La Grèce, considérée comme le berceau de la démocratie, est aujourd'hui soumise à un nouveau type de régime politique menotté par des technocrates inféodés qui n'hésitent pas à écraser la population de leur pays pour servir les intérêts des marchés financiers.

Tel est, en quelques mots, la thèse centrale de Dettocratie, ou Debtocracy en anglais, un documentaire produit par deux jeunes journalistes qui est devenu une sorte de cri de ralliement pour les Grecs furieux des mesures d'austérité retenues pour juguler la crise.

«Depuis sa sortie, il y a plus de deux millions de visionnements recensés en ligne. Et il a été montré un peu partout dans les rassemblements publics», se félicite l'un des auteurs, Aris Chatzistefanou, qui a perdu son emploi dans une importante radio privée quelques jours avant le lancement du film, en avril dernier.

Le journaliste de 34 ans affirme que son employeur n'appréciait pas du tout les réserves manifestées dans ses reportages envers les mesures d'austérité.
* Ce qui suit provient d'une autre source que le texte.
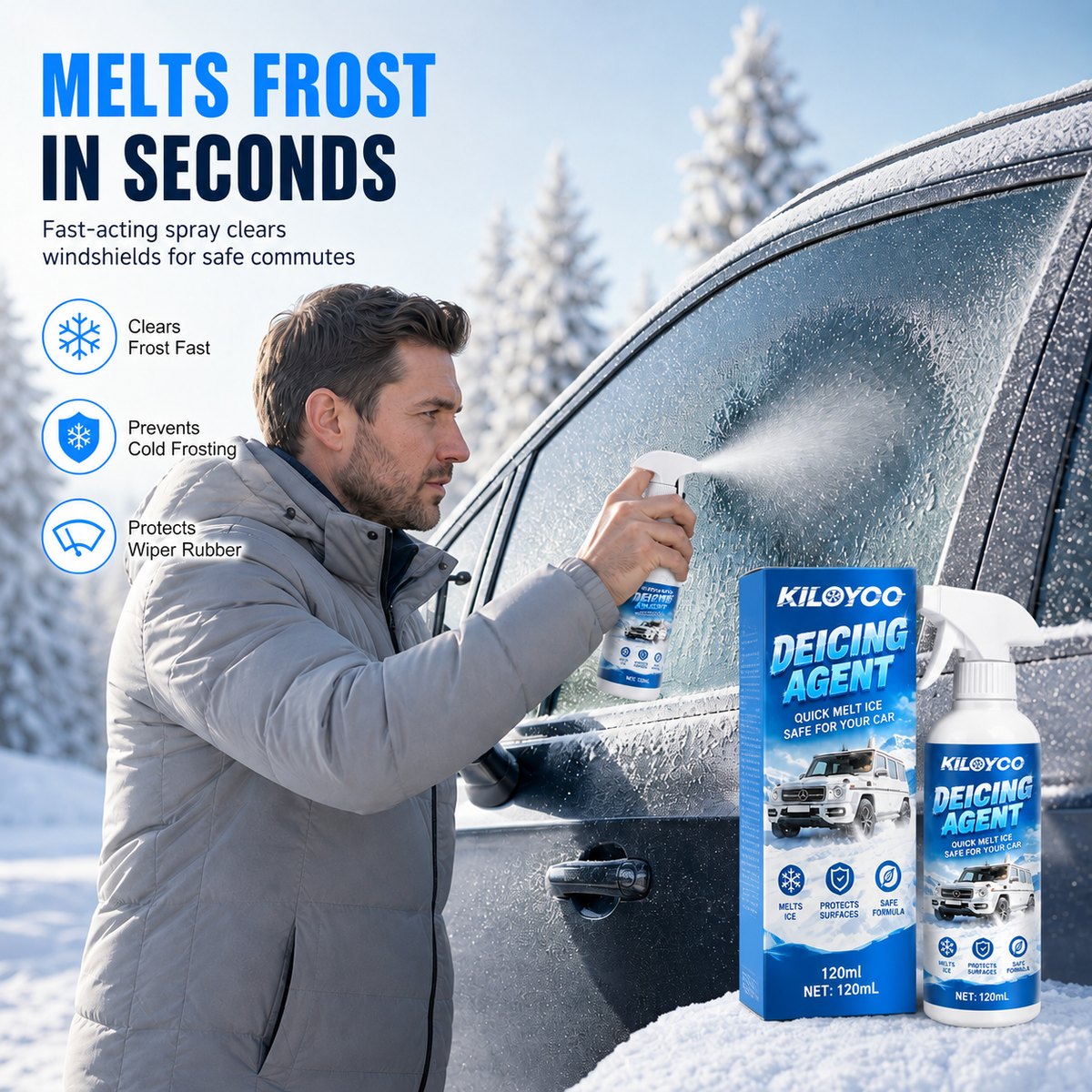 Car Windshield Deicer Spray-Instantly melts ice and frost, fast-acting anti re-freezing formula, works for windshields, windows, mirrors & locks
Ni sa volonté d'explorer les voies alternatives utilisées par d'autres nations ayant également été confrontées à une importante crise de la dette par le passé.

L'État contre les citoyens

Le documentaire défend l'idée que la Grèce ferait mieux de renoncer en tout ou en partie au paiement de sa dette, se retirer de l'eurozone pour regagner le contrôle de sa politique monétaire et relancer son activité économique.

«Plutôt que de faire ça, les dirigeants du pays se retournent contre la population en lui imposant des coupes considérables», souligne le jeune homme, qui insiste sur les liens étroits existant entre plusieurs dirigeants de l'actuel gouvernement, institué à l'automne, et le milieu financier.

Le défaut de paiement, selon le journaliste, serait en partie justifié par le fait qu'une part substantielle de la dette a été générée par les élus grecs contre l'intérêt de la population. Il évoque notamment les dépassements de coûts survenus pour la tenue des Jeux olympiques ou encore l'importance des dépenses militaires, souvent engagées au profit du secteur militaire de pays comme la France et l'Allemagne qui «reprochent aujourd'hui à la Grèce d'avoir trop dépensé».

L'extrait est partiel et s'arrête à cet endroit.